I was talking to a teenager the other day, and she was telling me how when she gets in trouble, at home, she gets slapped. I was horrified. I know this seems to be the practice of many households, but yet it still sickens me when I think of a child being slapped in anger and what that does to his/her self-esteem and personality.
Discipline is totally necessary in raising children. I was spanked, and my children were spanked. But slapping a child/teenager in anger is not discipline.

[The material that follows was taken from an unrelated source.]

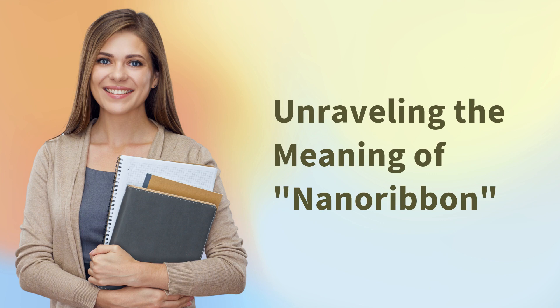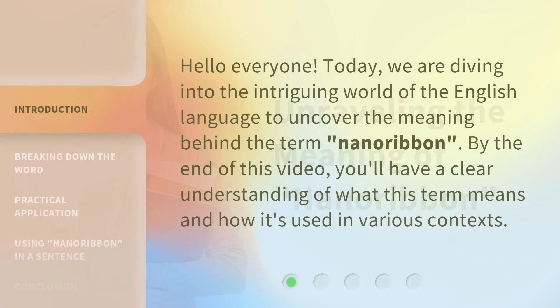Unraveling the meaning of nanoribbon. Hello everyone! Today, we are diving into the intriguing world of the English language to uncover the meaning behind the term nanoribbon. By the end of this video, you'll have a clear understanding of what this term means and how it's used in various contexts.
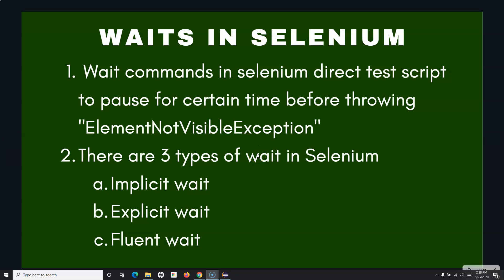Hello and welcome to this Selenium WebDriver tutorial. In this tutorial we are going to learn about the waits in Selenium and what they do: they direct the test script to pause for a certain time before throwing an element not visible exception.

It is acting out in anger; one of the things that we teach our children NOT to do.
We teach our children, and/or take them to church to teach them, to act like Jesus, think like Jesus, treat others as Jesus would treat them, not to pick on those less fortunate, and not to pick on or bully those that are younger and smaller than them; but then some of those same children/teenagers go home just to be slapped, in anger, because they are smaller/weaker/younger (or slammed up against walls or pushed around by their fathers).
When a woman is continually slapped, hit or pushed around by her husband, we call it physical abuse. When a 16-year-old hits and pushes an eight-year-old around, he is called a bully. When one teenager hits another teenager in school, he can be suspended for fighting.
Why is it viewed as “different” when a parent slaps their child/teenager in anger?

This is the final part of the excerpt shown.